[SUPPLIED ENTRIES]:
§ §
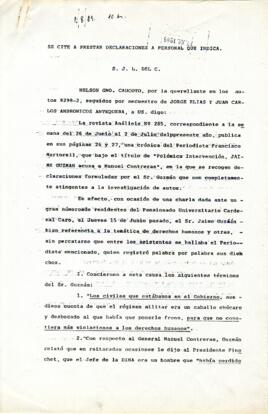 Se cite a prestar declaraciones a personal que indica. S. J. L. Del C.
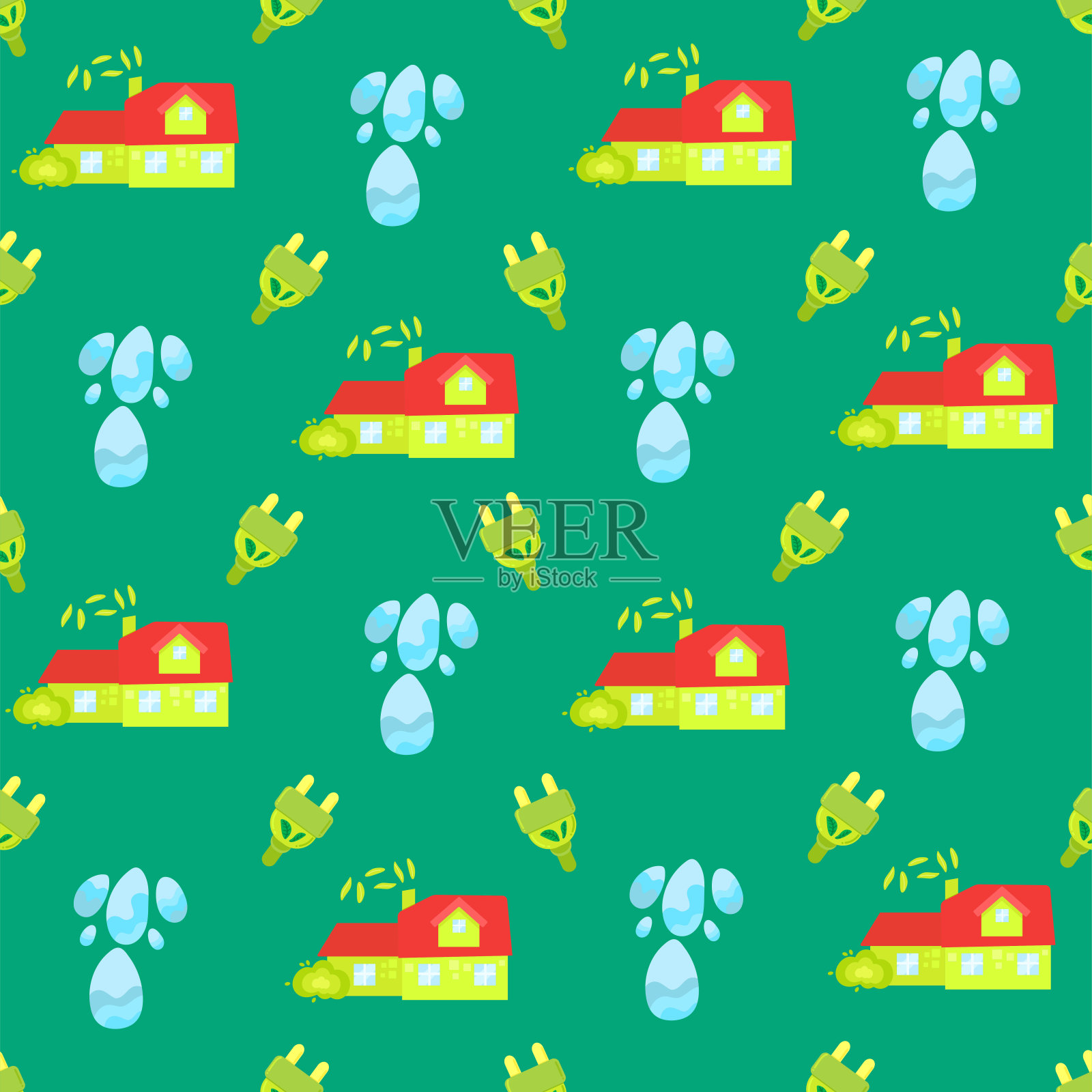 无塑料，绿色环保，零浪费的理念。减量、再利用、垃圾、循环、腐烂——生态生活方式，可持续发展。平面手绘风格插图无缝图案矢量绘制。插画图片素材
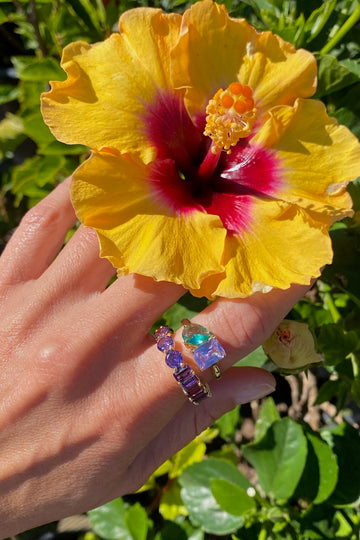 PERFECT PAIR RING- AMETHYST + PARAIBA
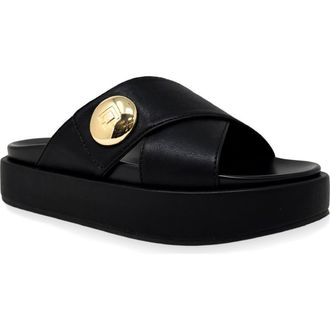 Shushop Katie Platform Slide Sandal in Black at Nordstrom, Size 7.5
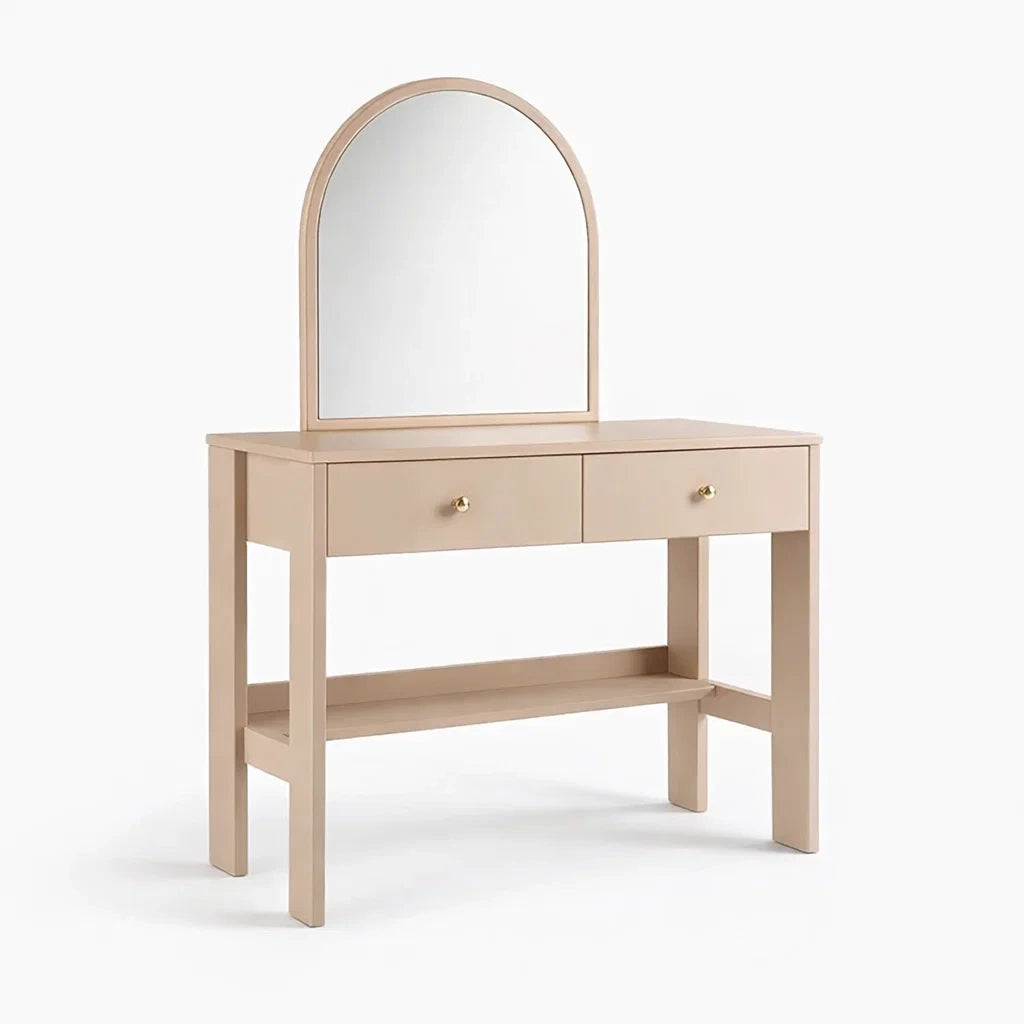 Frisiertisch MDF-Holz Beige mit Spiegel und Schubladen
§ §
[WORK ITEM]: Reproduce everything above exactly, images excluded.

[TASK ANSWER]:
 Se cite a prestar declaraciones a personal que indica. S. J. L. Del C.
 无塑料，绿色环保，零浪费的理念。减量、再利用、垃圾、循环、腐烂——生态生活方式，可持续发展。平面手绘风格插图无缝图案矢量绘制。插画图片素材
 PERFECT PAIR RING- AMETHYST + PARAIBA
 Shushop Katie Platform Slide Sandal in Black at Nordstrom, Size 7.5
 Frisiertisch MDF-Holz Beige mit Spiegel und Schubladen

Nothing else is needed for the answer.